MCP_User、MCP_Operatorなどの必須アプリケーション・ロールがありません。

  • 適切なIAMアプリケーション・ロールが割り当てられていることを確認します。
  • アイデンティティ・ドメインのロール・マッピングを確認します。

MCPサーバーにアクセスできません

ネットワークまたは構成の問題。

  • MCPサーバーURLが正しいことを確認します。
  • クライアント環境がHTTPS経由でMCPサーバーおよびOAuthエンドポイントに到達できることを確認します。

MCPクライアント接続の問題

クライアントの登録または構成が正しくありません。

  • クライアントが同じアイデンティティ・ドメインに正しく登録されていることを確認します。
  • クライアント・タイプ(パブリック、機密または信頼できる)を確認します。
  • リダイレクトURIおよび許可されるスコープを確認します。

データベース・ツール・サービスの既知の問題

データベース・ツール・サービスの既知の問題と使用可能な回避策をリストします。

ネットワークACLを使用したADB-Sへの接続は、Free Tierアカウントではサポートされていません

Free Tierアカウントを使用しており、Oracle Services NetworkでOCIサービスへのアクセス権を付与するネットワーク・アクセス・ルールを使用して、Autonomous Database–Shared (ADB-S)への接続を作成しようとしています。

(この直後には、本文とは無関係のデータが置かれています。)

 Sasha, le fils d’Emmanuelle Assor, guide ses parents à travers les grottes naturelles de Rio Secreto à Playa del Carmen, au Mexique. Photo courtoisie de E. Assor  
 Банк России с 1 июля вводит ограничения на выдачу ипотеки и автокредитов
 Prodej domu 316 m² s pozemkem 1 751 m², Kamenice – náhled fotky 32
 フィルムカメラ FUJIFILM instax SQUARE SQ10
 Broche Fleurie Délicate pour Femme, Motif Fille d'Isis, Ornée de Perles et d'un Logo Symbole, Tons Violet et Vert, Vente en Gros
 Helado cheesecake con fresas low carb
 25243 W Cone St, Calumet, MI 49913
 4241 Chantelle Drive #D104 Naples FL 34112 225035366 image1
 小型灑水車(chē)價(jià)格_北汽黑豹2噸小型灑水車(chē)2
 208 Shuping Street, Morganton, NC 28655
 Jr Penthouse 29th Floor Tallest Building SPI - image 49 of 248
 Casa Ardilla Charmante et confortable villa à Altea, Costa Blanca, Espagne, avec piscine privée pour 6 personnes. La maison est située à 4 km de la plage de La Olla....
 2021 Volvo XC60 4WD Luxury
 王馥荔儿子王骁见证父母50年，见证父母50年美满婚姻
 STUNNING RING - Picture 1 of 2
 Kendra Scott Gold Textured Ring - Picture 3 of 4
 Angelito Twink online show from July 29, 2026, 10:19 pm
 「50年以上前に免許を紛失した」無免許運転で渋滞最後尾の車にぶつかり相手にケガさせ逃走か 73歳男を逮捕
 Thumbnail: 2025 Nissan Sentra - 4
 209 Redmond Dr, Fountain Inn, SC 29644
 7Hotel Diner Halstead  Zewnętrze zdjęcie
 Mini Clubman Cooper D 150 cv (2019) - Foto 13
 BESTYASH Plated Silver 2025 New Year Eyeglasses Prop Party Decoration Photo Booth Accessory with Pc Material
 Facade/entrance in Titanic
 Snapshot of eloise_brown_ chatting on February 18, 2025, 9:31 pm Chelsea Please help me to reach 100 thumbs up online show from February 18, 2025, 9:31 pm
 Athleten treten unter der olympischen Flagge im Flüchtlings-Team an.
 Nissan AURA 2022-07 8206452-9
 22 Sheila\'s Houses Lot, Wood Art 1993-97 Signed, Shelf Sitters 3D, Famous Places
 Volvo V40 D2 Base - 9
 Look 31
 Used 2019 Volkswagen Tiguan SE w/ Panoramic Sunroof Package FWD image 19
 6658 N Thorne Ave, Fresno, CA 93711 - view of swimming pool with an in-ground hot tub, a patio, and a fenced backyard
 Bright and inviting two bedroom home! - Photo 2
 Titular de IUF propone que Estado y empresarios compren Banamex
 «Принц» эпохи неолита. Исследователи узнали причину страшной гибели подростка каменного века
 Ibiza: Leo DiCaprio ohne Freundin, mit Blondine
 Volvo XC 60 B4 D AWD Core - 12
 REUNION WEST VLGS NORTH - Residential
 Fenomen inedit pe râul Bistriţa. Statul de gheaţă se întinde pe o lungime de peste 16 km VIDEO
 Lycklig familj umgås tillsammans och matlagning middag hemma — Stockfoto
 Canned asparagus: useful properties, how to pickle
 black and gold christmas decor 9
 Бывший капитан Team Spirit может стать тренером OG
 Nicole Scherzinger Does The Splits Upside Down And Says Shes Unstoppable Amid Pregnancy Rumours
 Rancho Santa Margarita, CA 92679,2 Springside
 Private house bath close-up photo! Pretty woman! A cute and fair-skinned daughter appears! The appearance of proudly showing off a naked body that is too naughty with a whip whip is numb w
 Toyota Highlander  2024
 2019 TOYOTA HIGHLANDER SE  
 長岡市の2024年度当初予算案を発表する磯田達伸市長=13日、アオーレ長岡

原因: ADB-Sのネットワーク・アクセス制御リスト(ACL)機能では、Oracle Services NetworkでOCIサービスへのアクセス権を付与するネットワーク・アクセス・ルールがサポートされていません。回避策として、プライベート・エンドポイントを使用して接続を作成し、アクセス制御ルールをADB-Sインスタンスに追加して、プライベート・エンドポイントの逆接続ソースIPからのトラフィックを許可します。リバース接続ソースIPはプライベートIPアドレスであるため、ADB-SのパブリックIPに接続するには、サービス・ゲートウェイまたはNAT Gatewayを使用する必要があります。Free Tierアカウントは、VCNs内にサービス・ゲートウェイまたはNAT Gatewayを作成することは許可されておらず、ネットワークACLを使用してADB-Sインスタンスにアクセスすることはできません。

IAM認証を使用したデータベース・ツール接続では、Instance Principalはサポートされていません

データベース・ツールのIAM認証済接続では、Instance Principalはサポートされていません。